Context-aware Adversarial Attack on Named Entity Recognition

Shuguang Chen
University of Houston
[email protected]
&Leonardo Neves
Snap Inc.
[email protected]
&Thamar Solorio
University of Houston
Mohamed bin Zayed University
of Artificial Intelligence
[email protected]

Abstract

In recent years, large pre-trained language models (PLMs) have achieved remarkable performance on many natural language processing benchmarks. Despite their success, prior studies have shown that PLMs are vulnerable to attacks from adversarial examples. In this work, we focus on the named entity recognition task and study context-aware adversarial attack methods to examine the model’s robustness. Specifically, we propose perturbing the most informative words for recognizing entities to create adversarial examples and investigate different candidate replacement methods to generate natural and plausible adversarial examples. Experiments and analyses show that our methods are more effective in deceiving the model into making wrong predictions than strong baselines.

1 Introduction

Existing methods for adversarial attacks mainly focus on text classification (Liang et al., 2018; Garg and Ramakrishnan, 2020), machine translation (Belinkov and Bisk, 2018; Cheng et al., 2019), reading comprehension (Jia and Liang, 2017; Wallace et al., 2019), etc. A slight perturbation to the input can deceive the model into making wrong predictions or leaking important information. Such adversarial attacks are widely used to identify potential vulnerabilities and audit the model robustness. However, in the context of named entity recognition (NER), these adversarial attack methods are inadequate since they are not customized for the labeling schemes in NER (Lin et al., 2021). This is especially problematic as the generated adversarial examples can be mislabeled.

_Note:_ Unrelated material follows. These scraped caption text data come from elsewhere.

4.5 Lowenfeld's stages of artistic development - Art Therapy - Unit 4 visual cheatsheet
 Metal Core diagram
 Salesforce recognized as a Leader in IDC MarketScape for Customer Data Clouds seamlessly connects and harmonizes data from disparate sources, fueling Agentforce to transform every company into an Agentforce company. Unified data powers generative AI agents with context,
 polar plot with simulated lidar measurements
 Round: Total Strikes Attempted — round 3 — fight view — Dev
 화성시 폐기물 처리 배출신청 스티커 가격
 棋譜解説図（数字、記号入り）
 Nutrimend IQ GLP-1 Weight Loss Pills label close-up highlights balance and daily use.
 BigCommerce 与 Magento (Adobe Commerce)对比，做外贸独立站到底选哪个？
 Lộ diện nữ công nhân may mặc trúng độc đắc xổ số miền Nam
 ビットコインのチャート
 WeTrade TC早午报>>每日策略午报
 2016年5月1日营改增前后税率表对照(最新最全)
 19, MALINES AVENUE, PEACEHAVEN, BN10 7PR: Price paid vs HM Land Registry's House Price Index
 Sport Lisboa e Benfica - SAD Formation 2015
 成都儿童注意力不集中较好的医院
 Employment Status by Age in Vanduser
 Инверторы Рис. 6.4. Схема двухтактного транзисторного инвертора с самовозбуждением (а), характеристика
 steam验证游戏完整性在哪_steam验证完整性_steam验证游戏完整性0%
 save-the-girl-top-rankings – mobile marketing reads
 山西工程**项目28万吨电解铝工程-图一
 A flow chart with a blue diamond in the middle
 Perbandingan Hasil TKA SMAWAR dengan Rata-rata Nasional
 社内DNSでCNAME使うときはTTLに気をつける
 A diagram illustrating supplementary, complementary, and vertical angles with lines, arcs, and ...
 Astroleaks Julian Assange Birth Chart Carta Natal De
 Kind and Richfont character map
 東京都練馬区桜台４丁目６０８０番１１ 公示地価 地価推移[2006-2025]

Prior studies have proposed various context-aware attacks (i.e., perturb non-entity words) and entity attack (i.e., perturb only entity words) methods to address this issue. Despite their success, most existing methods randomly select words to perturb without taking the linguistic structure into consideration, limiting their effectiveness to consistently generate natural and coherent adversarial examples. Some words in a sentence are more informative than others in guiding the model to recognize named entities. For instance, in Figure 1, the word “rackets" can provide more information than the word “tournament" to infer the entity type of “Wilson". Perturbing such words can be effective in leading to more incorrect model predictions.

Refer to caption — Figure 1: Comparison between adversarial attack with and without perturbing informative words.

In this work, we explore the correlation between model vulnerability and informative words. We aim to conduct adversarial attacks by perturbing the informative words to expose the potential vulnerabilities of NER systems. To this end, we investigate different candidate selection methods to determine which words should be perturbed, including part-of-speech (POS) tagging, dependency parsing, chunking, and gradient attribution. To demonstrate the effectiveness of our proposed methods, we adapt two commonly-used candidate replacement approaches to replace the selected candidate words: synonym replacement (i.e., replace with a synonym) and masked language model replacement (i.e., replace with a candidate generated from a masked language model). We conduct experiments on three corpora and systematically evaluate our proposed methods with different metrics. Experimental results and analyses show that our proposed methods can effectively corrupt NER models.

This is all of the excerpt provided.